Hair by Tom Harrigan. So very posh.

“It’s all in your head,”
they said, smiling.
Secrets spliced at
the drum’s thrum.

The tug and throw;
the tattoo of polar opposites,
the tattoo of my heart answers:
the yes and no.

The centrifuge
spins dizzy histories;
a chromatography -
magnetic chronology;

A map bleeds out from echoes
truth and disaster
negative and positive
the nothing and the one.

We spin together,
we repel
like iron filings
dancing end to end.

Stuttering paradigms
doomed and destined for
failure and liberation thus:
“It’s all in your head.”


So, my MRI and my EEG scans both came back as normal. This is kind of the result I'd, oddly, feared and the result I'd known to expect as it's what happened the last time I had these tests. Yes, falling half-asleep to that hypnotic drumming in the MRI chamber while they played "Don't Stop 'Til You Get Enough" seemed weirdly macabre (pretend to be dead in a giant sarcophagus, all your metal pulled out of you before you go in, then listen to motivational songs from a dead man while you pass out) and then get lost in your thoughts, realise you can only remember being there a couple of minutes, then the guy tells you it's been half an hour.

Realise that that's kind of why you're in there, then shuffle off to try to get your body piercings back out of a locker before you stress out too much.

This has been such a long and convoluted process and it's frustrating to know we're still not there. I've got a letter in my flat from when I was just a little child about the first EEG I had being booked in for a hospital out in Surrey and how the little absence seizures I was having seemed to be quite normal and that I'd grow out of them, but when the EEG came back without any real indication of why this was happening, we kind of drifted away from knowing what to do. 

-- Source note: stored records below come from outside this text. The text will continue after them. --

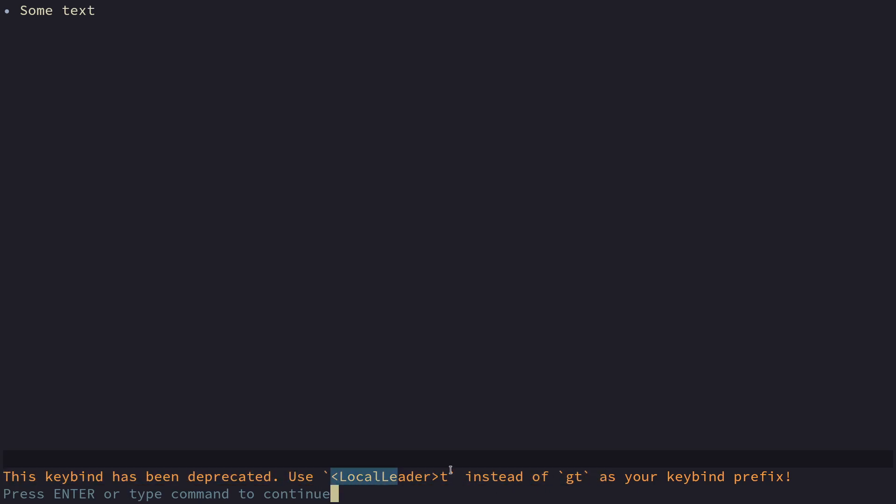neorg is going to tell you hey what are you doing please stop doing what you're doing immediately and please use local leader t. We did this because gt is an inbuilt neovim keybind to switch tabs and as it turns out because neorg bound extra keys whenever you tried to use just the gt keybinds to switch tabs you had to go through the timeouts that neovim has where it's like hey do you want to press another key or do you want to use this keybind and a lot of people found that really annoying so it's been finally changed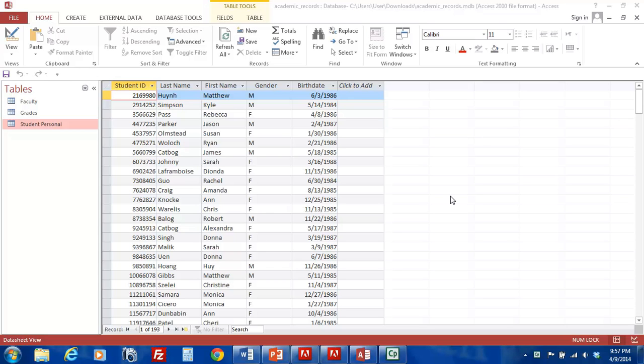To access these options, you first have to click on the File tab, which is located on the far left of the toolbar at the top of your screen.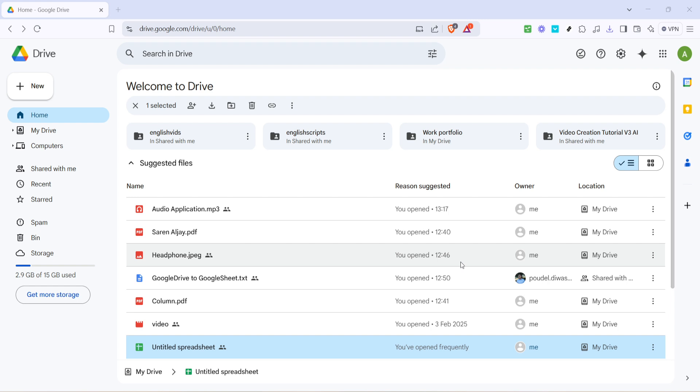Whether you're catching a flight, heading somewhere remote, or experiencing intermittent connectivity, having your files available offline can be a real lifesaver.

I was just one of those kids who'd get lost in their own world sometimes and couldn't get back out.

I don't quite know where this leaves me now - I'm trying not to think about it too much. It's sunny out, I'm busy with work, there's plenty going on to keep me occupied, so not being any further along with a question that's always been there is just something I'm going to just have to not give a shit about, I think.